13 KiB
Building Fleet
Building the code
Quickstart
Install the dependencies as described in the following sections, then go to Clone and build
macOS
Enable the macOS developer tools:
xcode-select --install
Install Homebrew to manage dependencies, then:
brew install git go node yarn
Ubuntu
Install dependencies:
sudo apt-get install -y git golang make nodejs npm
sudo npm install -g yarn
# Install nvm to manage node versions (apt very out of date) https://github.com/nvm-sh/nvm#install--update-script
curl -o- https://raw.githubusercontent.com/nvm-sh/nvm/v0.40.3/install.sh | bash
# refresh your session before continuing
nvm install v24.10.0
Windows
To install dependencies, we recommend using Chocolatey. Always run Chocolatey in Powershell as an Administrator. Assuming your setup does not include any of our requirements, please run:
choco install nodejs git golang docker make python2 mingw
npm install -g yarn
Note: all packages default to the latest versions. To specify a version, place --version <version-number> after each package. You may also install all packages manually from their websites if you prefer.
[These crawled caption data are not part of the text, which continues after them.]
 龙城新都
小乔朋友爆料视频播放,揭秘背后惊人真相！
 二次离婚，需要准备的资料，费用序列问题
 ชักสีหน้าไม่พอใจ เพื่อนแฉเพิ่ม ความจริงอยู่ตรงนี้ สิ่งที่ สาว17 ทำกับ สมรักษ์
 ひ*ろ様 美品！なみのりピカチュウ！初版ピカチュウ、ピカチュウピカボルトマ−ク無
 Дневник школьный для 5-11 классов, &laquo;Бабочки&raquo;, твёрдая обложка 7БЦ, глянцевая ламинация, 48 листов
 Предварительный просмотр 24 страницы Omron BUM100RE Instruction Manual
After installing the packages, you must use Git Bash to continue with the next section.
If you plan to use WSL on your windows development environment, you can configure Docker to WSL integration by following the steps in Microsoft's WSL Documentation.
Clone and build
The following commands will clone the repository and build the Fleet and fleetctl binaries. When running these commands for the first time, please review the Details section below for additional required dependencies.
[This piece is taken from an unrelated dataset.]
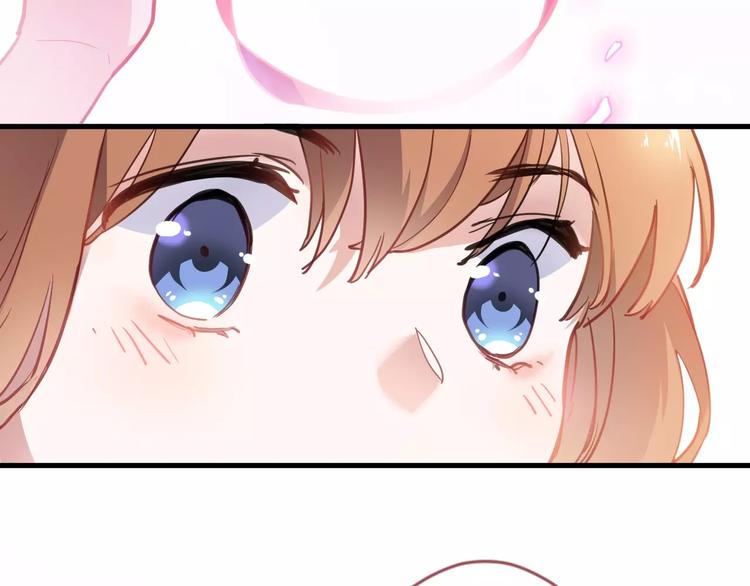 晨星未落时韩漫全集-第100话 最终我还是选择了你无删减无遮挡章节图片 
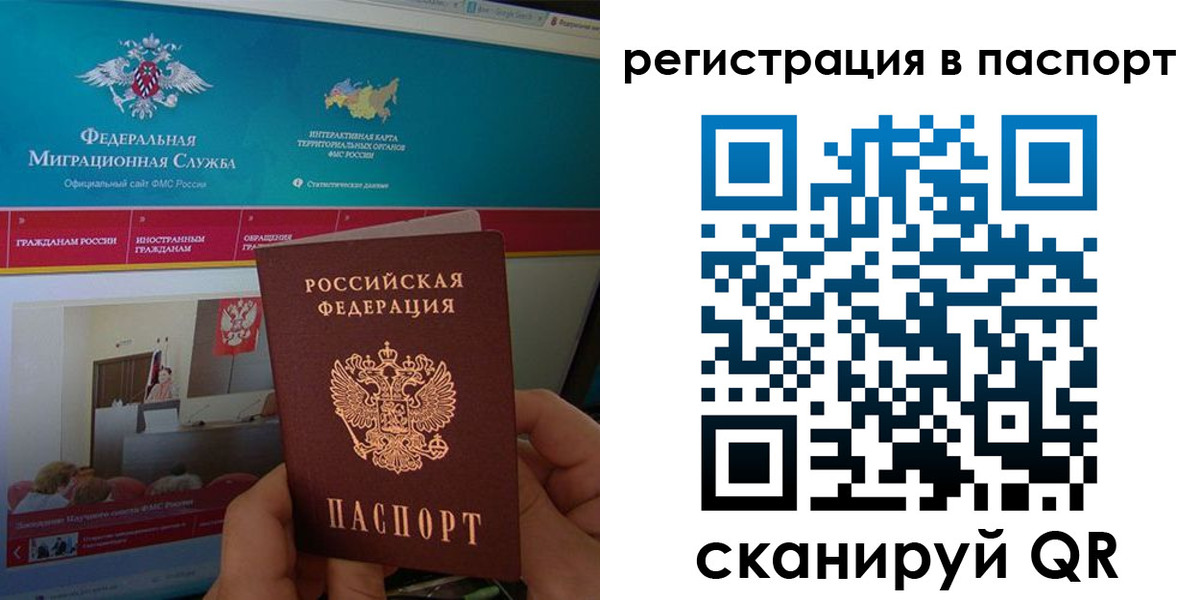 временная регистрация для школы в Белебее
git clone https://github.com/fleetdm/fleet.git
cd fleet
make deps
make generate
make
The binaries are now available in ./build/.
Details
To set up a working local development environment, you must have the following toolset:
- Go
- Node.js v24.10.0 and Yarn
- A specific version of Node.js can be installed using nvm
- GNU Make (probably already installed if you're on macOS/Linux)
Once you have those requirements, check out this Loom video that walks through starting up a local development environment for Fleet.
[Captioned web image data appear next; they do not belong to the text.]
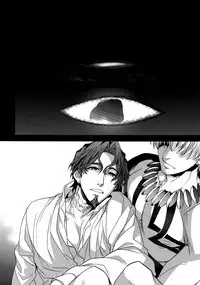 (HaruCC20) [Crazy9 (Ichitaka)] Birth Soushuuhen (Fate/Zero)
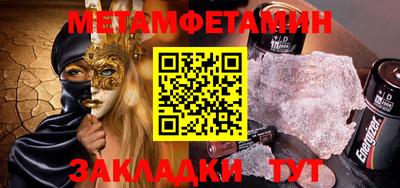 бошки Рыбинск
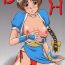 Mother fuck DH- Dead or alive hentai Love hina hentai Group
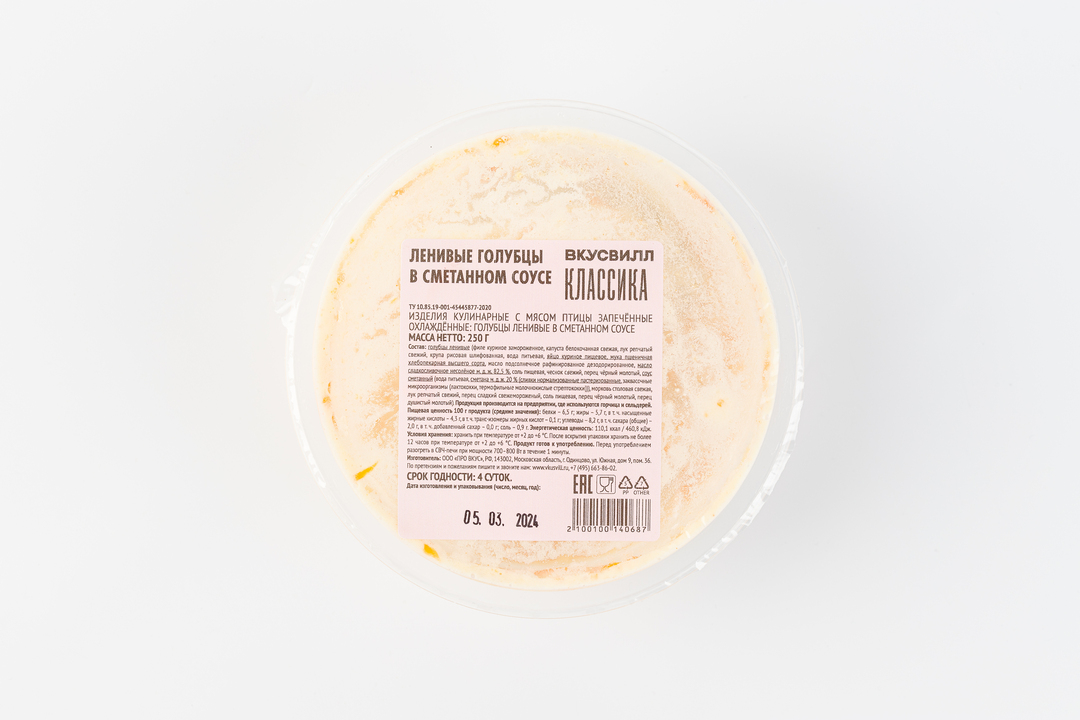 

Голубцы Вкусвилл ленивые в сметанном соусе 250 г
For a text-based walkthrough, continue through the following steps:
First, you will need to install Fleet's dependencies.
To do this, run the following from the root of the repository:
make deps
Note: If you are using python >= 3.12, you may have to install distutils using pip.
pip install setuptools
or
pip3 install setuptools
When pulling changes, it may be necessary to re-run make deps if a new Go or JavaScript dependency was added.
Generating the packaged JavaScript
To generate all necessary code (bundling JavaScript into Go, etc.), run the following:
make generate
If you are using a Mac computer with Apple Silicon and have not installed Rosetta 2, you will need to do so before running make generate. Otherwise, you may see the following error: Unknown system error -86
/usr/sbin/softwareupdate --install-rosetta --agree-to-license
Automatic rebuilding of the JavaScript bundle
Usually, make generate takes the JavaScript code, bundles it into a single bundle via Webpack, and inlines that bundle into a generated Go source file so that all of the frontend code can be statically compiled into the binary. When you build the code after running make generate, include all of that JavaScript in the binary.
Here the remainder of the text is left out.